» **Work request**: Each entry must be reproduced precisely as it stands.
=== Section Start ===
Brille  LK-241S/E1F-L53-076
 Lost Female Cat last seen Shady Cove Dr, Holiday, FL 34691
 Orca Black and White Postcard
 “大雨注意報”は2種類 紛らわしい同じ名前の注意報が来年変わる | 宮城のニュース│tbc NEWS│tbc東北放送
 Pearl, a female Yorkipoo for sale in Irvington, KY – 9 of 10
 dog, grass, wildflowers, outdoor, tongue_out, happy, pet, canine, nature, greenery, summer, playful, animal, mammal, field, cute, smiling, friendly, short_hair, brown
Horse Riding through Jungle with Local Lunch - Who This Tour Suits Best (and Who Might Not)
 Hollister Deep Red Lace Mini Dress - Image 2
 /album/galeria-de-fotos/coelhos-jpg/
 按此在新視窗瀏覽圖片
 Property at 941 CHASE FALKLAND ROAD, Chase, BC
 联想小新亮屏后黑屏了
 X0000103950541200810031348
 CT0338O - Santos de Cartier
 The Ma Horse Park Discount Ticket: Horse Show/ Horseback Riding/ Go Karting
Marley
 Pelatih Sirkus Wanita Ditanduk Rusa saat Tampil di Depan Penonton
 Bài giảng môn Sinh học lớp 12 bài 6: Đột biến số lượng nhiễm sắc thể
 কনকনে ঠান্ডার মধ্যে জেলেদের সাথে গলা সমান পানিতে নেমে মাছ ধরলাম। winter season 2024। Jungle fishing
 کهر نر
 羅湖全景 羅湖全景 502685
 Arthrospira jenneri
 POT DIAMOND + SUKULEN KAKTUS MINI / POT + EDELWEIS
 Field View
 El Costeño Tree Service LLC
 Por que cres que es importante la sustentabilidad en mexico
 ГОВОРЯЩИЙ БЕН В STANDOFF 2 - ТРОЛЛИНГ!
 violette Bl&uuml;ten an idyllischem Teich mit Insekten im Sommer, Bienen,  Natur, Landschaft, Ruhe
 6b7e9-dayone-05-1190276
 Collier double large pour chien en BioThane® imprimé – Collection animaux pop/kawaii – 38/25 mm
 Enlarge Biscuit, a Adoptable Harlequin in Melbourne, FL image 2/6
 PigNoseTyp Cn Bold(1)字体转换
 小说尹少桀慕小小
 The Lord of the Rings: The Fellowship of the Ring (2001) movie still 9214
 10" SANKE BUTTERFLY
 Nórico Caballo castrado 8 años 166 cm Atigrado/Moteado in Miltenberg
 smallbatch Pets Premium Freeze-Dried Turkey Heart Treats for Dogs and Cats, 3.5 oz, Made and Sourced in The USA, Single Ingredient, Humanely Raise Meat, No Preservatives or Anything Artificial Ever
=== Section End ===
» **Solution to this task**:
Brille  LK-241S/E1F-L53-076
 Lost Female Cat last seen Shady Cove Dr, Holiday, FL 34691
 Orca Black and White Postcard
 “大雨注意報”は2種類 紛らわしい同じ名前の注意報が来年変わる | 宮城のニュース│tbc NEWS│tbc東北放送
 Pearl, a female Yorkipoo for sale in Irvington, KY – 9 of 10
 dog, grass, wildflowers, outdoor, tongue_out, happy, pet, canine, nature, greenery, summer, playful, animal, mammal, field, cute, smiling, friendly, short_hair, brown
Horse Riding through Jungle with Local Lunch - Who This Tour Suits Best (and Who Might Not)
 Hollister Deep Red Lace Mini Dress - Image 2
 /album/galeria-de-fotos/coelhos-jpg/
 按此在新視窗瀏覽圖片
 Property at 941 CHASE FALKLAND ROAD, Chase, BC
 联想小新亮屏后黑屏了
 X0000103950541200810031348
 CT0338O - Santos de Cartier
 The Ma Horse Park Discount Ticket: Horse Show/ Horseback Riding/ Go Karting
Marley
 Pelatih Sirkus Wanita Ditanduk Rusa saat Tampil di Depan Penonton
 Bài giảng môn Sinh học lớp 12 bài 6: Đột biến số lượng nhiễm sắc thể
 কনকনে ঠান্ডার মধ্যে জেলেদের সাথে গলা সমান পানিতে নেমে মাছ ধরলাম। winter season 2024। Jungle fishing
 کهر نر
 羅湖全景 羅湖全景 502685
 Arthrospira jenneri
 POT DIAMOND + SUKULEN KAKTUS MINI / POT + EDELWEIS
 Field View
 El Costeño Tree Service LLC
 Por que cres que es importante la sustentabilidad en mexico
 ГОВОРЯЩИЙ БЕН В STANDOFF 2 - ТРОЛЛИНГ!
 violette Bl&uuml;ten an idyllischem Teich mit Insekten im Sommer, Bienen,  Natur, Landschaft, Ruhe
 6b7e9-dayone-05-1190276
 Collier double large pour chien en BioThane® imprimé – Collection animaux pop/kawaii – 38/25 mm
 Enlarge Biscuit, a Adoptable Harlequin in Melbourne, FL image 2/6
 PigNoseTyp Cn Bold(1)字体转换
 小说尹少桀慕小小
 The Lord of the Rings: The Fellowship of the Ring (2001) movie still 9214
 10" SANKE BUTTERFLY
 Nórico Caballo castrado 8 años 166 cm Atigrado/Moteado in Miltenberg
 smallbatch Pets Premium Freeze-Dried Turkey Heart Treats for Dogs and Cats, 3.5 oz, Made and Sourced in The USA, Single Ingredient, Humanely Raise Meat, No Preservatives or Anything Artificial Ever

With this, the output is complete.